■ Aim of the task
In the data below, the answer is the run of lines from the line containing "Grant Wood - Frühling" through the line containing "Greg Owen of", both included; print it exactly and nothing else.

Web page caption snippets

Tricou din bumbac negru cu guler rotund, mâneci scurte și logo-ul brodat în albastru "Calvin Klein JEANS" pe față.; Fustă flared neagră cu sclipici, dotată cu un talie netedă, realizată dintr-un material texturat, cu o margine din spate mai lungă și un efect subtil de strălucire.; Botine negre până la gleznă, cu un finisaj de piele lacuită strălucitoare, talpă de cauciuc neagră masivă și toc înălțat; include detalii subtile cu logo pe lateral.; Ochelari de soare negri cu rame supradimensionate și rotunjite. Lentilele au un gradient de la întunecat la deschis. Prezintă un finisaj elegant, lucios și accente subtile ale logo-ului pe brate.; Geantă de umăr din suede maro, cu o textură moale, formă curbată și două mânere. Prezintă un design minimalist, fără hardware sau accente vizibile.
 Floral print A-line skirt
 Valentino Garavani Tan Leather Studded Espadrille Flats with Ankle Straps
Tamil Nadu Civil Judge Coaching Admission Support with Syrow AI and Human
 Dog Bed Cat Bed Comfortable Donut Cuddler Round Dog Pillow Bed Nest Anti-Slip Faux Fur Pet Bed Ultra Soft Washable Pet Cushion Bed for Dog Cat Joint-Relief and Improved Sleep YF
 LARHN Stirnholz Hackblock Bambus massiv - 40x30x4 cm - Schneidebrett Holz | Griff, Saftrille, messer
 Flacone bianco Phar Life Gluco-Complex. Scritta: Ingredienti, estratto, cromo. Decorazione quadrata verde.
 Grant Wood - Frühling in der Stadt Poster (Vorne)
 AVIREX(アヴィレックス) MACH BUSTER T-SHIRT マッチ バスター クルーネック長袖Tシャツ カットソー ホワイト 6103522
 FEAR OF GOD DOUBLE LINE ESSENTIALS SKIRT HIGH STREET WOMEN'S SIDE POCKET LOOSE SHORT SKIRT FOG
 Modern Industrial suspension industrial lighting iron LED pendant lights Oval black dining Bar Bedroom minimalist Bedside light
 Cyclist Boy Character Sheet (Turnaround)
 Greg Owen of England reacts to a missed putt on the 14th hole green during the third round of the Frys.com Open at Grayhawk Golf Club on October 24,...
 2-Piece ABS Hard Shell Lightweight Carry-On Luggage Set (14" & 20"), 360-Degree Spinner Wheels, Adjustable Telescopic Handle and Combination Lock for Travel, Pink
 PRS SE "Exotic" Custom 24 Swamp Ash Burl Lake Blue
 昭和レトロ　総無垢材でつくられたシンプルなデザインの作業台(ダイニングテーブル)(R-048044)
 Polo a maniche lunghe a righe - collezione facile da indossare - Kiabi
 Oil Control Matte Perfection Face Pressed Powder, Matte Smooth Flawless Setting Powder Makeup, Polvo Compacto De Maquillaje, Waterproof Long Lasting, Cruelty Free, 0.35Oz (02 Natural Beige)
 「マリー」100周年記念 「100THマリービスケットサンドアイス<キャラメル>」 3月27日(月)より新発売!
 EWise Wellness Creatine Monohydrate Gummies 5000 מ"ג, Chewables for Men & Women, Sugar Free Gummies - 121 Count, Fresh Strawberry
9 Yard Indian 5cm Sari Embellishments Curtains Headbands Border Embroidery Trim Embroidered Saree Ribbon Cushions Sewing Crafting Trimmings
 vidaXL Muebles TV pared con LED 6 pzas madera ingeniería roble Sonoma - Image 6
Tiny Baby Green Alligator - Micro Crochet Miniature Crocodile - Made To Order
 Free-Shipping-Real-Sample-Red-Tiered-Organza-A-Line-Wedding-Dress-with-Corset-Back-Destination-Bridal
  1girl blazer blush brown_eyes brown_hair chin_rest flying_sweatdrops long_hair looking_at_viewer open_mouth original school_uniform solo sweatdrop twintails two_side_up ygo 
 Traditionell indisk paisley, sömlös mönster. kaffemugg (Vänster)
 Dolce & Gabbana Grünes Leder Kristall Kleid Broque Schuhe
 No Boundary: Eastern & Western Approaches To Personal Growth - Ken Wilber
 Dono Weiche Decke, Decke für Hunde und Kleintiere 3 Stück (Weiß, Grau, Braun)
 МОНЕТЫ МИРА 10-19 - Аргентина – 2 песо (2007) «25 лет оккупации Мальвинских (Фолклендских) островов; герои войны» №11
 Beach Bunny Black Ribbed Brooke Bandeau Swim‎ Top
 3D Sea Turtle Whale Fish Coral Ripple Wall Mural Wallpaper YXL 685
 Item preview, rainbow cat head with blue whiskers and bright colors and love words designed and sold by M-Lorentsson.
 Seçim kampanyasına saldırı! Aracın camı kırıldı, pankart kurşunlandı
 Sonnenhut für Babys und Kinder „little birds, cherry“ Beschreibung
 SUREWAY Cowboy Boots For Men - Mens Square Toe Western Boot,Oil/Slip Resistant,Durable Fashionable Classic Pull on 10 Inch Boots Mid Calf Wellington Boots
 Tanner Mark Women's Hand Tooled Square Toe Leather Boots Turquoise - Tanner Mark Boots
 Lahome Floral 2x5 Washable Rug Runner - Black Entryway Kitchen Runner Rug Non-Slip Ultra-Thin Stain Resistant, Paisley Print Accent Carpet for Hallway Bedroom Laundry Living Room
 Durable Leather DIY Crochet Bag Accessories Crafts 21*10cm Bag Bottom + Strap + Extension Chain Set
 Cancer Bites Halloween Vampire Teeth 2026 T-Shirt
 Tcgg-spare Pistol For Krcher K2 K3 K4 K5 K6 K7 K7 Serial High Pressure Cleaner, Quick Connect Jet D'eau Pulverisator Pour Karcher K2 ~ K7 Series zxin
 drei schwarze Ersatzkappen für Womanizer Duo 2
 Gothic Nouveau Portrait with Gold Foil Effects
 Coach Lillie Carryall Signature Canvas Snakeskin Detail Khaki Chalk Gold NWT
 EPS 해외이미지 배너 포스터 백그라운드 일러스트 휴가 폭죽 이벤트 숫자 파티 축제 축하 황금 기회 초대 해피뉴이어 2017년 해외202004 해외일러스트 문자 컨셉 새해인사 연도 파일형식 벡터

■ Exercise solution
 Grant Wood - Frühling in der Stadt Poster (Vorne)
 AVIREX(アヴィレックス) MACH BUSTER T-SHIRT マッチ バスター クルーネック長袖Tシャツ カットソー ホワイト 6103522
 FEAR OF GOD DOUBLE LINE ESSENTIALS SKIRT HIGH STREET WOMEN'S SIDE POCKET LOOSE SHORT SKIRT FOG
 Modern Industrial suspension industrial lighting iron LED pendant lights Oval black dining Bar Bedroom minimalist Bedside light
 Cyclist Boy Character Sheet (Turnaround)
 Greg Owen of England reacts to a missed putt on the 14th hole green during the third round of the Frys.com Open at Grayhawk Golf Club on October 24,...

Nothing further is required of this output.